Known as the father of photojournalism, humanist photographer, and master of candid photography, Henri Cartier-Bresson pioneered the genre of street photography and lived on his philosophy “the decisive moment” to capture the meaning of what is beneath outward appearance. The Impassioned Eye shows interviews with historians, colleagues that delves into impact of Cartier-Bresson’s global work.

The Bang Bang Club (2010)

A gritty, real-life film based on the experiences of four photo journalists in the early 90s who captured the violence between Ithaca and ANC supporters. The movie is a non-stop heart-stopping adventure that depicts the passion of capturing life, terror, and death on camera and the conflict between wanting to get the best shot and intervening to help.

The Salt Of The Earth (2015)

A vibrant portrait of Sebastian Salgado depicting his work on human suffering segueing into the beauty and permanence of nature.

Waste Land (2010)

Brazilian artist and photographer Vik Muniz produces portraits the lives of scavengers with the film focusing on showing the power of art and the dignity of the human spirit as some extraordinary people commit to help the residents of the landfill.
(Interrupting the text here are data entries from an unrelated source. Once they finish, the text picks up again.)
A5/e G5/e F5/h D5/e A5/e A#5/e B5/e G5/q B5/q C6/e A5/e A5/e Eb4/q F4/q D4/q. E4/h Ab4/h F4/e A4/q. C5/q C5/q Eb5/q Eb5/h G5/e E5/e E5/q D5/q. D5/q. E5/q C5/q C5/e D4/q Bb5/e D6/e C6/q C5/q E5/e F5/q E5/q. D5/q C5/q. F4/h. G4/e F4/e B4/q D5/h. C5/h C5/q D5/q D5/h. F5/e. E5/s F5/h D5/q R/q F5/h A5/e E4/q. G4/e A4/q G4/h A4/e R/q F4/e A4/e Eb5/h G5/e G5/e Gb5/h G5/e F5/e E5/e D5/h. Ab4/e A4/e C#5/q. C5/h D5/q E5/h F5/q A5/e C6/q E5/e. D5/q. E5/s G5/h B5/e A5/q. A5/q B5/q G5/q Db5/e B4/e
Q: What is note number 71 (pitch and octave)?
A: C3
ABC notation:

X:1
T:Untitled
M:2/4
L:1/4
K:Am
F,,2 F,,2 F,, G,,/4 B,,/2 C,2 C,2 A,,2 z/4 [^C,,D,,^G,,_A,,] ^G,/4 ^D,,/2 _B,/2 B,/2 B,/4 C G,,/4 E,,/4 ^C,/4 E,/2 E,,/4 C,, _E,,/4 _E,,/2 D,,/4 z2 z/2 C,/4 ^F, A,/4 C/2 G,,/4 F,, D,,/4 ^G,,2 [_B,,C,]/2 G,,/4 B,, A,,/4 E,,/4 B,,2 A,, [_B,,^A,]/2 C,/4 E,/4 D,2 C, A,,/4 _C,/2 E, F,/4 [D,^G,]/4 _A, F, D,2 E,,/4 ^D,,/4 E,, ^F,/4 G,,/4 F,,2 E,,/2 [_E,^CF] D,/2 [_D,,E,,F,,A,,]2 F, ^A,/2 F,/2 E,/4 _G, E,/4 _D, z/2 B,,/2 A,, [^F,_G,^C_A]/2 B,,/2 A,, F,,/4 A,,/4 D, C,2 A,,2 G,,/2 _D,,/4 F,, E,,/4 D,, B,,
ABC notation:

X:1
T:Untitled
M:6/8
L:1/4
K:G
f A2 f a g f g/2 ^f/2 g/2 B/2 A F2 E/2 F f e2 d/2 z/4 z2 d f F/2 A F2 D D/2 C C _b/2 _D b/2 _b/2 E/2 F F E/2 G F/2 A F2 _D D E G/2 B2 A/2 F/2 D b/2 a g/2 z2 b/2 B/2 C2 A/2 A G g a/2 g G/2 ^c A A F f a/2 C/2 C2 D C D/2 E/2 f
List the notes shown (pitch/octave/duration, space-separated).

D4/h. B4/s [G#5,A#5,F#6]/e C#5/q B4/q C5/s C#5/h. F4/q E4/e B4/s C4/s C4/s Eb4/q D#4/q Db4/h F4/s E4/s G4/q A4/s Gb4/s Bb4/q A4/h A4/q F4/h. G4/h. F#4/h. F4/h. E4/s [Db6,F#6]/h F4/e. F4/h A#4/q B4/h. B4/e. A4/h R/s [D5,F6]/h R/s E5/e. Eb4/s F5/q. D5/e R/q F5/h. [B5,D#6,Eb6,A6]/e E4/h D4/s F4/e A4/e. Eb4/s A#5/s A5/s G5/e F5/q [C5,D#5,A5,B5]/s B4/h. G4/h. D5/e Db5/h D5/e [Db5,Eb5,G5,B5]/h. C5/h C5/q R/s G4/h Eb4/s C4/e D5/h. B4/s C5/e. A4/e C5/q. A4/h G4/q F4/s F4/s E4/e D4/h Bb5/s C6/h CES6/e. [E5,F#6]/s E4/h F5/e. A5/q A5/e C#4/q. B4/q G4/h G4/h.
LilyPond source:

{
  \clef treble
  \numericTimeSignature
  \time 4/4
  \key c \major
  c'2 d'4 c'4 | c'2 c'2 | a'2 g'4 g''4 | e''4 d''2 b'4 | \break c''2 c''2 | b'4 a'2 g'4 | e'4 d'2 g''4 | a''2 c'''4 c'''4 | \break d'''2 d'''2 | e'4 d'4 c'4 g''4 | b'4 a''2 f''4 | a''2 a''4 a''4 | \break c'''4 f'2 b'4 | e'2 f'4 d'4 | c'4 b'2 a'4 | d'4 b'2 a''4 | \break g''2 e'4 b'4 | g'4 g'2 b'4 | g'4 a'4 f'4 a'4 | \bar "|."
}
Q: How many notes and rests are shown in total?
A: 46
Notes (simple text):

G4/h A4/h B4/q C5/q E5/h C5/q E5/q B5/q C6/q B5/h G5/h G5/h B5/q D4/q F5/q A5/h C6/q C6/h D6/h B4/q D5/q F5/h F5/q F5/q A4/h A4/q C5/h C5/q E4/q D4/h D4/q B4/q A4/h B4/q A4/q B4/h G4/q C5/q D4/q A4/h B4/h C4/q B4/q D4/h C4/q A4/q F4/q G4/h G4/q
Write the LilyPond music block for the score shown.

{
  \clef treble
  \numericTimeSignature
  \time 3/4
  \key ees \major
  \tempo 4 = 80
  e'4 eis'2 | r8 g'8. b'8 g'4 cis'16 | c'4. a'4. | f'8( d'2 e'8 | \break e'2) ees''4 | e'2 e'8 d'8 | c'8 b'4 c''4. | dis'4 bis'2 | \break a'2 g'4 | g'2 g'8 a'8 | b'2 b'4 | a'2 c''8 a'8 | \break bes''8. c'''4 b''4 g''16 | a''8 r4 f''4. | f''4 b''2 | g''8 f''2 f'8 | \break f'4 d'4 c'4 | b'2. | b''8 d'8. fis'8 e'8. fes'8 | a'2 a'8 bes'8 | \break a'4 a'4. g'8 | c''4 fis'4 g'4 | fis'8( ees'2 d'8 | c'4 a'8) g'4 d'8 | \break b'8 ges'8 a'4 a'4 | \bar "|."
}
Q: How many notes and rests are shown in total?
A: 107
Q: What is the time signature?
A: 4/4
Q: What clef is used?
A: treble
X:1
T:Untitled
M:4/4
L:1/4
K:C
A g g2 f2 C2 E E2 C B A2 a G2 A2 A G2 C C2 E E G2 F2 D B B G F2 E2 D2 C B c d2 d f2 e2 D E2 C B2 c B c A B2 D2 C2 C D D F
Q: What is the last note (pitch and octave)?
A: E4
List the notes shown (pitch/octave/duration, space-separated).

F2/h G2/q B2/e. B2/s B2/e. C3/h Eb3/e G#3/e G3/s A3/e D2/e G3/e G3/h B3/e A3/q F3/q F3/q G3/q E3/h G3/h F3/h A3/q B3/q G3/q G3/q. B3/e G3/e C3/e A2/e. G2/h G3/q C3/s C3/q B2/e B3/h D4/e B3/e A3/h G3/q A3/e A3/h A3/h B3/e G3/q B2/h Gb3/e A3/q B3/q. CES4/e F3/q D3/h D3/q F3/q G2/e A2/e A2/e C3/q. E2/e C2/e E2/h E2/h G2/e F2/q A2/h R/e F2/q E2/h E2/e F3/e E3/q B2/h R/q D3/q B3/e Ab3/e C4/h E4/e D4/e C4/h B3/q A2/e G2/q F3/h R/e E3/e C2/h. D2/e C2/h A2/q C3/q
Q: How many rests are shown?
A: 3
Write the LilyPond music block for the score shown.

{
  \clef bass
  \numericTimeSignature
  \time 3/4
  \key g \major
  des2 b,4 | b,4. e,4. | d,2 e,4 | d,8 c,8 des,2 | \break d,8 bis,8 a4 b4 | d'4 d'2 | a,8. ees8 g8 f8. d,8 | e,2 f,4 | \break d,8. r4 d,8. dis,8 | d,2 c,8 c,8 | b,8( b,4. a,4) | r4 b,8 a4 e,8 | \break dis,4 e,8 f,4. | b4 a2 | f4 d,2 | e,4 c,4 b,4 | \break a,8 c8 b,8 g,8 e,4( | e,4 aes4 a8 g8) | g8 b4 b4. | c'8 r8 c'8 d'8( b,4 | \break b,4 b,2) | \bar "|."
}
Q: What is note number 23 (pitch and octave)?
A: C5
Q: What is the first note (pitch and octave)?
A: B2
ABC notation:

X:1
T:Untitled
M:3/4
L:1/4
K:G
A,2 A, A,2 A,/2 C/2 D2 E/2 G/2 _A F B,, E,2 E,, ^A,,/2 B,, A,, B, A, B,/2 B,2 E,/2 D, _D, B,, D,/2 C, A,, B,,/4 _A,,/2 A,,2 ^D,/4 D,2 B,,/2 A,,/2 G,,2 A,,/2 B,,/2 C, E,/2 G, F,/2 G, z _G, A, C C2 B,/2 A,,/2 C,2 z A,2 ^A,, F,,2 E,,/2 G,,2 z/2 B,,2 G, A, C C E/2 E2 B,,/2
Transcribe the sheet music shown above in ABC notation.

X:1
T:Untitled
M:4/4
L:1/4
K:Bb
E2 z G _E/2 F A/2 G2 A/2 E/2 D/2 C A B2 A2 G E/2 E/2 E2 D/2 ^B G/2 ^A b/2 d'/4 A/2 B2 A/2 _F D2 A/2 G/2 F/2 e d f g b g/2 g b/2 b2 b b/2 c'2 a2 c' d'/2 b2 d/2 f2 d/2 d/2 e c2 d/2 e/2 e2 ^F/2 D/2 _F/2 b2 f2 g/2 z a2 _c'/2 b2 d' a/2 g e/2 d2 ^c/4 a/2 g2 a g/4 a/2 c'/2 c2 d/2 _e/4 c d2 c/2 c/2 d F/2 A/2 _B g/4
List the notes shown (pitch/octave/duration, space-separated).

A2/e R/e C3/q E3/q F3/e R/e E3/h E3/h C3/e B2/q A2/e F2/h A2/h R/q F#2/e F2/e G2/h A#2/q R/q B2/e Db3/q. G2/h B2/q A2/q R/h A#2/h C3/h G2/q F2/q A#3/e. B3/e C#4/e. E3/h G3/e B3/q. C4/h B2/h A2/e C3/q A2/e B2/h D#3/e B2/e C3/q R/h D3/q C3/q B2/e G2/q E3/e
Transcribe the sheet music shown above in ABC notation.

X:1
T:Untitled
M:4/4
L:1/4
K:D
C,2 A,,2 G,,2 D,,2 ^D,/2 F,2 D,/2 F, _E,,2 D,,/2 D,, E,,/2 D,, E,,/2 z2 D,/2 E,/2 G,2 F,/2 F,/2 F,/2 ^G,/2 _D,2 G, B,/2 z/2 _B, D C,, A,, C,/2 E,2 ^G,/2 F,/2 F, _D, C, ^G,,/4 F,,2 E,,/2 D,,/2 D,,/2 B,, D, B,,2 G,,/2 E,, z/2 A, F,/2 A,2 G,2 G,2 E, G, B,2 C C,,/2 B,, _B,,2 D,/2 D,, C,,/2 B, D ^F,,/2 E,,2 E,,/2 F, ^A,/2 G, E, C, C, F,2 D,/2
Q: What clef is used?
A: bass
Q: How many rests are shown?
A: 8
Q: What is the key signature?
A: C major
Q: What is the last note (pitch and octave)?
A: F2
Everlasting Moments (2008)

This movie chronicles the life of an immigrant, Maria Larsson whose life is stricken with poverty but has an undiscovered talent with taking beautiful photographs. It is a beautiful story about love and hope, a simple woman, her husband, her daughter, and a camera. The latter, being a tool that saved their lives.

Richard Avedon: Darkness and Light (1966)

Richard Avedon is considered one of the most influential and innovative fashion photographers. He is best known for his minimalist portraits starting with working on showbiz personalities then moving to shoot ordinary people and political events.